_About this task:_ Copy each line of the data that has "which" in it.

_Extracted records:_
+++

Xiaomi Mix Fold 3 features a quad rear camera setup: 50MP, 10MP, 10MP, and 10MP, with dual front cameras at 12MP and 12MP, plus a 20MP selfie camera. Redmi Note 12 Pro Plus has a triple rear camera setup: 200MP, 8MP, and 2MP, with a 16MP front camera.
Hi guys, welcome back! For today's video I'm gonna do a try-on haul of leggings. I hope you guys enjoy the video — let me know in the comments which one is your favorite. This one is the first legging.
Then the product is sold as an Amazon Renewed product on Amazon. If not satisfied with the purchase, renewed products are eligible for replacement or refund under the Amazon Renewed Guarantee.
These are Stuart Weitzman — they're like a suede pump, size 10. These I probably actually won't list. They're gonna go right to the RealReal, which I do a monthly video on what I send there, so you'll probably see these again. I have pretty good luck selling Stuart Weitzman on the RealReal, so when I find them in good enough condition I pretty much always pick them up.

+++

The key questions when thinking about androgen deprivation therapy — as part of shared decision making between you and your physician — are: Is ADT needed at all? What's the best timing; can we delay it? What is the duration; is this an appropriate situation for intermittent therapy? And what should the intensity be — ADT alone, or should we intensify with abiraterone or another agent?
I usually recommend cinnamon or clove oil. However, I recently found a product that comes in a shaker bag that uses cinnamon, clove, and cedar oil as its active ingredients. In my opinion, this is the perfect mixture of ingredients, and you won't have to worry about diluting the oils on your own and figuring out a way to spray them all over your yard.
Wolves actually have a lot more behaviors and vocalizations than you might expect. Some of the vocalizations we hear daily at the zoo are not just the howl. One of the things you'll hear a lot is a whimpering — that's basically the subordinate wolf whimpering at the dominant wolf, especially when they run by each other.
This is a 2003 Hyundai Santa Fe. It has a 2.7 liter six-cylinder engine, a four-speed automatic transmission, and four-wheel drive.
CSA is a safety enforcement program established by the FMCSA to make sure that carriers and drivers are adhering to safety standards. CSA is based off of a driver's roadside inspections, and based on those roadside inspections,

+++

_Your response:_
Hi guys, welcome back! For today's video I'm gonna do a try-on haul of leggings. I hope you guys enjoy the video — let me know in the comments which one is your favorite. This one is the first legging.
These are Stuart Weitzman — they're like a suede pump, size 10. These I probably actually won't list. They're gonna go right to the RealReal, which I do a monthly video on what I send there, so you'll probably see these again. I have pretty good luck selling Stuart Weitzman on the RealReal, so when I find them in good enough condition I pretty much always pick them up.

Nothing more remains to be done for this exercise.